One thing I should mention is that, while I’ve seen both the Charlton Heston movie and the Tim Burton remake, I’m not particularly familiar with any other films in the Planet of the Apes franchise. This film is essentially an origin story, and is officially yet another Reboot to the franchise, whatever that means. Apparently it is pretty much a remake of an earlier film entitled Conquest of the Planet of the Apes. Its plot essentially covers the story of a scientist creating a drug to try and cure Alzheimer’s, and when they test it on apes, it makes them smarter. I guess it’s set some time in the near future from now. If you know even the slightest thing about PotA you can probably fill in your own gap now. It’s not a particularly cerebral plot in that regard.

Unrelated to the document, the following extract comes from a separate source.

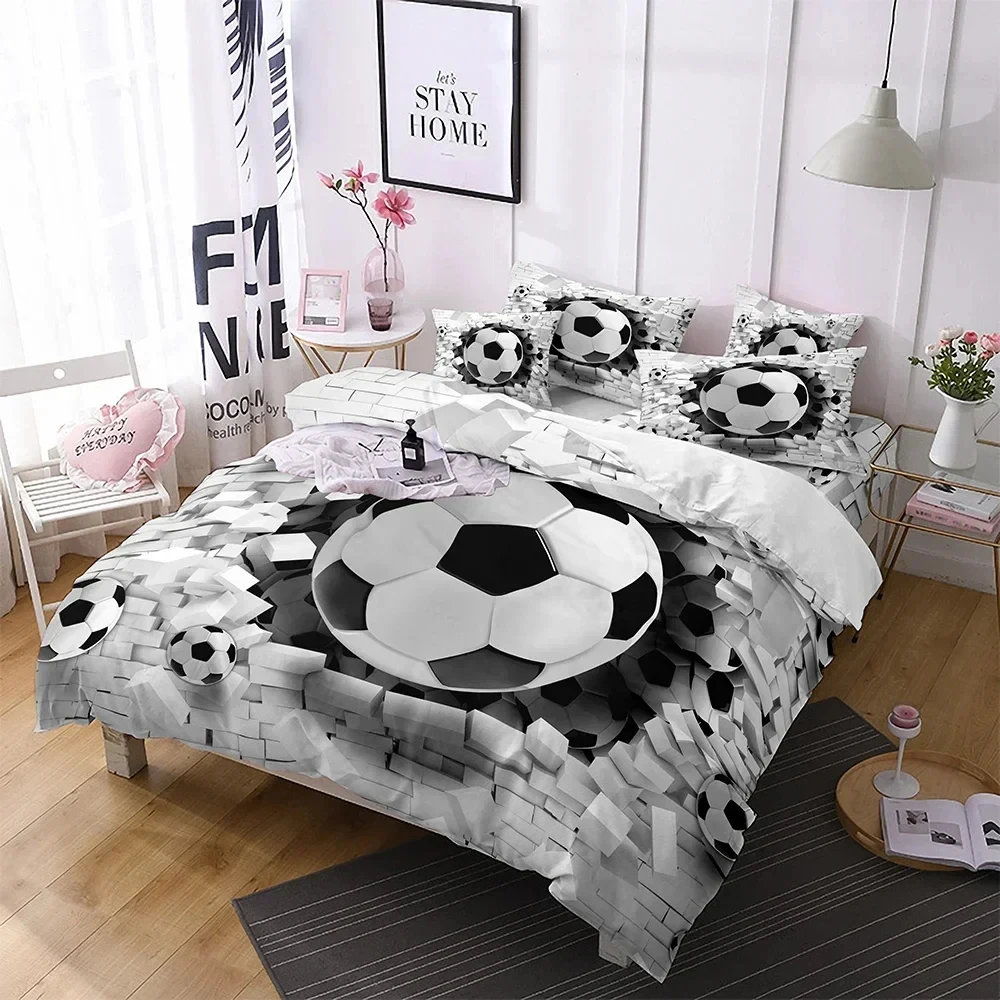 Simple Sport Ball Black White Bedding King Size Soccer Comforter Cover Set 3D Boys Bedroom Decor Football Duvet Cover Sets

The human characters tend to fall into archetypes, such as the scientist, the businessman, and the evil bully (the zookeeper, essentially), played by Draco Malfoy Tom Felton, in a rather disturbing turn. The main guy, the scientist in charge of the main ape, called Caesar, has a rather tepid romance with some woman, and a sick father who he is desperate to help – this brings about the main plot.

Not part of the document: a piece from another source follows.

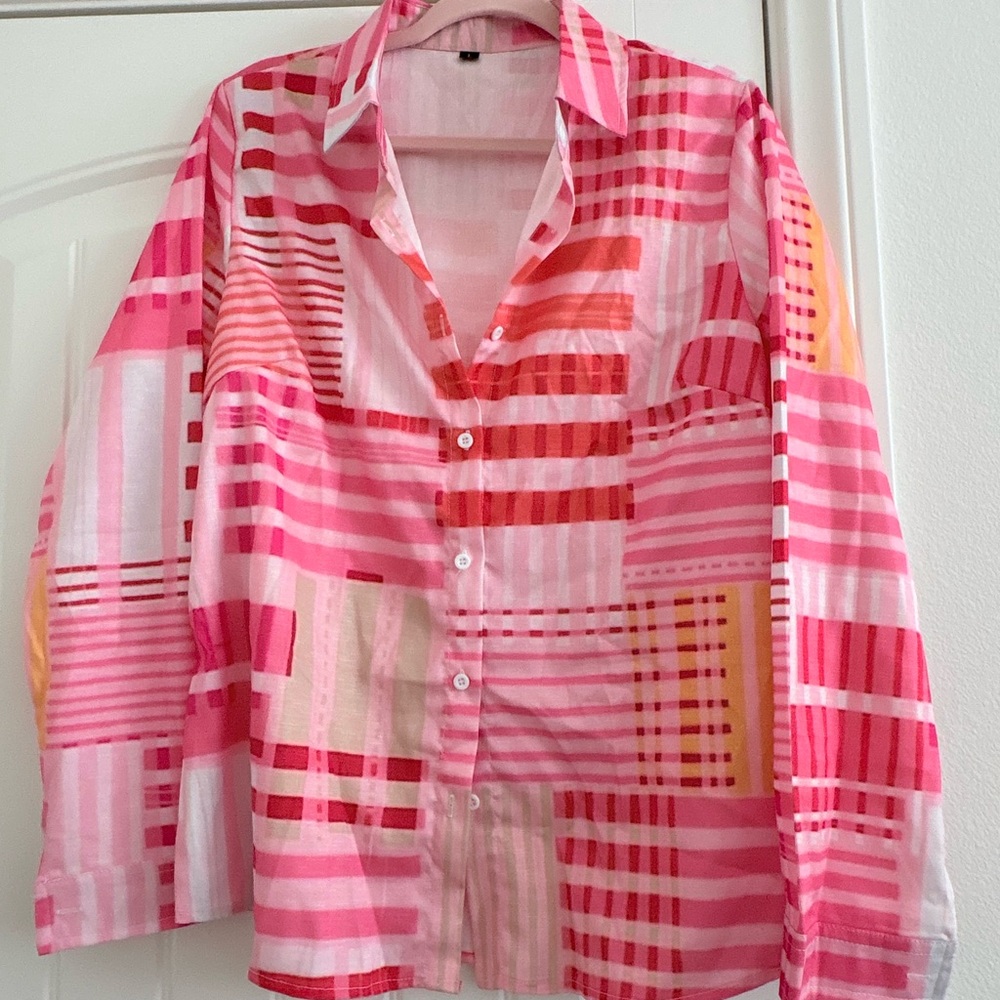 Colorful Striped Button-Up Shirt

Evidently, the main ape roles were played by mocap actors, and I guess compared to some other mocap work I’ve seen (Tintin….), the fact that they’re not humans at least eliminates the problem of the uncanny valley, as it did with Gollum, so realism becomes less of an issue for them than it does in Tintin, for instance. I think Andy Serkis (of Gollum fame) actually played the main role, too; he seems to be in everything related to mocap now. Realism aside, the graphics are pretty good. I just can’t help but wonder if that’s because we’re looking at non-humans, though. I think one of the main problems with the film was that while the human characters are, for the most part, boring archetypes, the ape characters, especially Caesar, are expressive and show a full gamut of emotions. This is OK, I suppose, since it is his film at the end of the day, but I would have liked to see the same level of emotional involvement with all of the characters.

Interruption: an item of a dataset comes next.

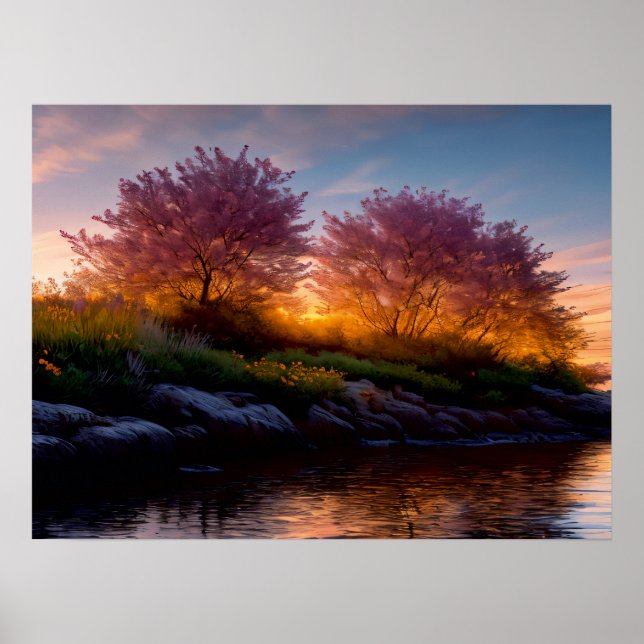 Affiche Coucher de soleil Sakura : Riverside Reverie (Devant)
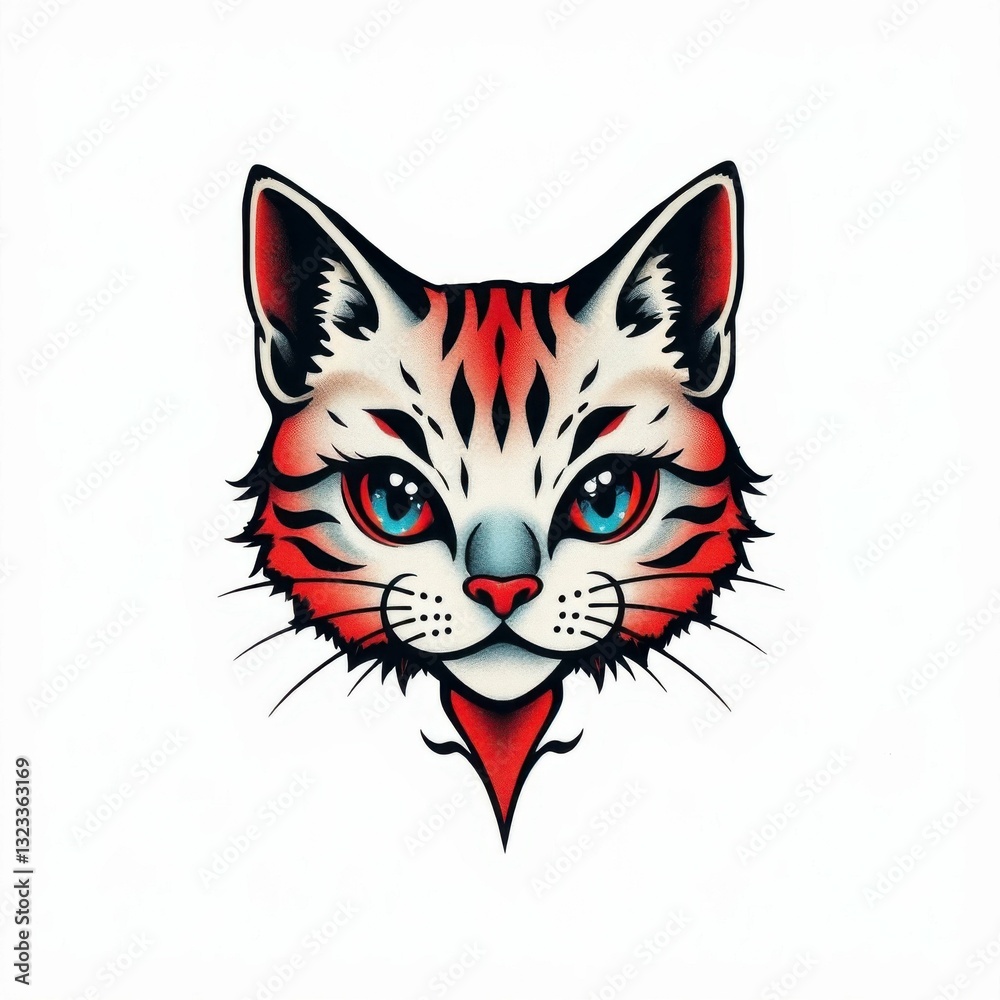 Obraz premium Artistic Cat Tattoo: A striking, stylized illustration of a cat's face with a distinctive tattoo aesthetic.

Anyway, overall it was an enjoyable movie for me, but it felt a bit unremarkable too. After a few months, I can only give a basic plot outline about the thing. Themewise, I guess it has things to say about consumerism, and has a few warnings about the dangers of the unknown in science: it essentially seems to be saying that humans should stop toying with nature, which I don’t necessarily agree with. The apocalyptic element is one that I’ve seen coming up a lot recently, as well, which makes it feel worrying because most of the plot (apart from a bit of magic unexplained science) is perfectly plausible. Because it’s actually set close to the modern day, it feels more relatable than the original PotA, which doesn’t really go into why the planet is full of apes, and leaves it up to the viewer’s imagination. So it’s certainly worth a watch.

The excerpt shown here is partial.